Du côté de la Ferme Lakitamatata, située entre Shefford et Granby, la saison n’a pas été de tout repos. Kelly Lussier, propriétaire de la place, a fait face à des défis similaires en raison des excès d’eau. Ses cultures ont souffert de maladies fongiques (champignons) et de la saturation du sol, entraînant des pertes importantes. « Les plants sont trop jaunes, il y a de la maladie fongique, et tous les semis que l’on plante meurent. J’ai de la difficulté à faire pousser de la laitue, de l’échalote, et presque tout est en retard », a-t-elle confié.

« On essaie de remettre du fumier de poule, mais cela lessive les engrais, et les plantes deviennent jaunes. Si c’était une canicule, on aurait simplement augmenté l’irrigation, cela aurait été gérable. Mais avec trop d’eau, il n’y a pas grand-chose à faire », a soupiré Kelly Lussier.

Pour d’autres producteurs, en plus de privilégier les serres, la diversification semble également être une voie envisagée. « Nous allons plutôt nous orienter vers une culture diversifiée. Nous ne voulons pas nous contenter uniquement de pommes, de cerises et de poires, mais diversifier nos cultures tout au long de l’année pour avoir une plus grande production. Ainsi, lorsque ce genre d’événement marquant se produit, nous ne dépendrons pas seulement de quelques types de cultures, mais de plusieurs », a fait savoir Marc-André Pelletier, du Verger Champêtre.

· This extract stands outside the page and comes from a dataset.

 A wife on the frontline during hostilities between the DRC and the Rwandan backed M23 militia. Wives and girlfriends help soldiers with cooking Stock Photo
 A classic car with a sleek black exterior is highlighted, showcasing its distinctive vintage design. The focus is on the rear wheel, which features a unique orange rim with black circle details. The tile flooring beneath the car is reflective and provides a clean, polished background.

Baisse d’achalandage notée

Outre les défis climatiques, la plupart des producteurs notent également une importante baisse d’achalandage dans leurs fermes, ainsi que dans les abonnements de paniers de légumes. « Certaines personnes considèrent les produits de la ferme comme un luxe, mais ce n’est pas du tout le cas. Les épiceries vendent leurs légumes plus chers que les miens, alors que les miens sont locaux et bio », a mentionné Kelly Lussier de la Ferme Lakitamatata.

Cette baisse d’achalandage est également fortement ressentie du côté de l’argouseraie Quenebro à Roxton Pond, où les producteurs d’argousiers redoublent d’efforts pour attirer une nouvelle clientèle. « La fin du printemps et le début de l’été ont été très médiocres. Comparé à l’année passée, il y a eu des semaines où les ventes ont baissé de 50 % », a confié Véronique Hegara, copropriétaire de la ferme.

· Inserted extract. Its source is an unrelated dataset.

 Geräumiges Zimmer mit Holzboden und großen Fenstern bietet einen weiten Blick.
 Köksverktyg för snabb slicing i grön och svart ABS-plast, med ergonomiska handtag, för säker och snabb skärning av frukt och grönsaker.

« Oui, nous ressentons la baisse d’achalandage. Je pense qu’il y a plusieurs facteurs en jeu, notamment la météo défavorable pour le tourisme agricole, ainsi que la hausse continue du coût de la vie. Les gens coupent dans leurs dépenses liées à ce type de sorties. Il est plus facile de faire des coupes dans ces domaines que dans l’épicerie », a souligné M. Pelletier, du Verger Champêtre.

Alors que les producteurs locaux ont plus que jamais besoin que la population se tourne vers eux pour les encourager, l’Union des producteurs agricoles exhorte le gouvernement à agir rapidement afin de minimiser les impacts néfastes. « Les productrices et producteurs demandent la mise en place de mesures d’urgence afin d’obtenir davantage de soutien, plus particulièrement pour les entreprises affectées et dont la continuité des activités est incertaine », a indiqué récemment la présidente de l’Association des producteurs maraîchers du Québec, Catherine Lefebvre.

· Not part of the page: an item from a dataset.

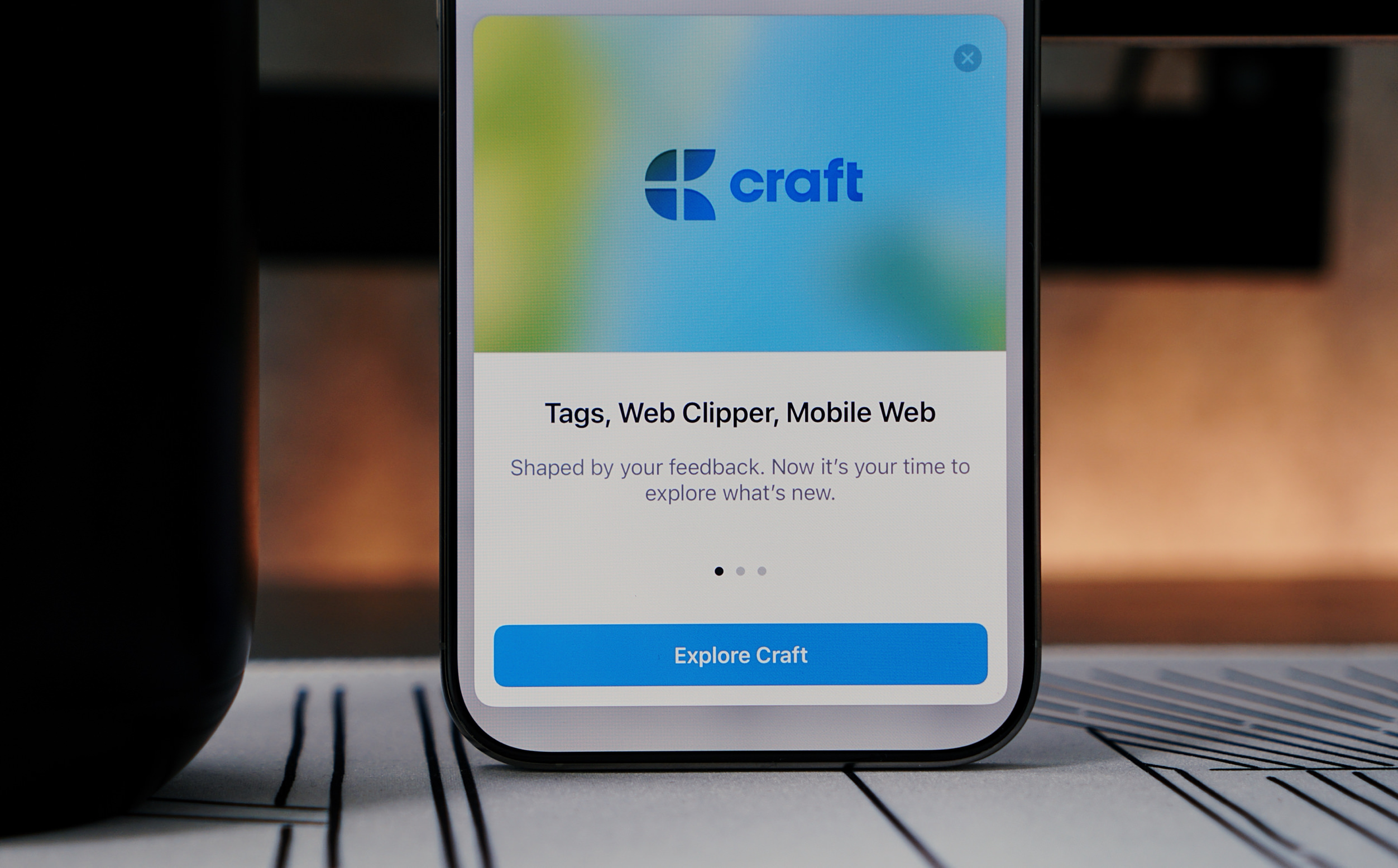A smartphone displaying the Craft app welcome screen. The screen has a blurred blue and green background with the Craft logo at the top, and the text "Tags, Web Clipper, Mobile Web" followed by a description and an "Explore Craft" button. The phone sits on a patterned surface next to a black object, likely a cup.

Une aide gouvernementale serait certes la bienvenue, mais une sensibilisation est également à faire auprès de la population, d’après certains producteurs. « Mon plus grand souhait est que la population prenne conscience du fait que les fruits et légumes ne seront pas toujours parfaits et impeccables. Il faut que la population soit sensibilisée à notre réalité et comprenne que même s’il y a une petite tache sur un fruit ou un légume, le produit reste quand même bon et local », a conclu M. Pelletier.